Athletes need to understand why Russia is so important to the IOC | Sean Ingle

Here is a question you may not expect to find in a sports column. When a journalist is assassinated, do financial markets care? The answer, according to new research in the journal Applied Economics, is a resounding yes. And there is more in the detail. If the murdered journalist was an editor or worked in television, stock prices of companies with headquarters in that country declined on average by 2.18%. However, if they were tortured beforehand, they fell by 3%. And if they were killed by military officials, prices went down even further by 4.62%.

This awful set of statistics tells us that the greater the crime, the more international investors became queasy.
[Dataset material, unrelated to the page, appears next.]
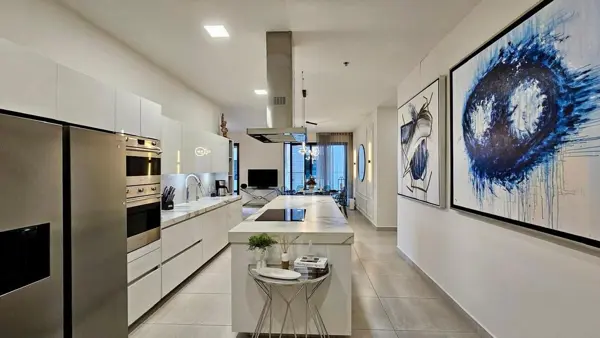 Departamento en venta en Zona Valle Poniente, San Pedro Garza García — foto 3 de 29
As the authors noted, the killing of journalists acts as a signal to investors “about government instability and the breakdown of human rights, the rule of law, and the democratic governance”. But, on the other hand, they also found that “when the justice system functions, and there is a prosecution, the investor confidence goes up.”

But what is the relevance to sport? Well, that study came to mind following the howls of outrage from athletes when Russia’s doping “ban” was reduced from four years to two. Unlike in the financial markets, this crime was not matched by a suitable punishment. And as a result, investor confidence – among athletes in particular – has hit rock bottom.

Note, incidentally, the inverted commas around the word ban. They are there for a reason. For the court of arbitration for sport in Lausanne has delivered a Swiss cheese of a ban, so mellow and full of holes that it barely resembles one at all.

Under this ban in name only, Russian teams and athletes will still be able to compete at the Tokyo Olympics and the 2022 World Cup. They will still wear red jerseys with the word “Russia” on them – as long as they also say “neutral athlete” as well. And while they won’t officially get to see their flag or hear their anthem, there will still be plenty of Russian fans in the stands waving their tricolours and singing “Rossiya – svyashchennaya nasha derzhava!”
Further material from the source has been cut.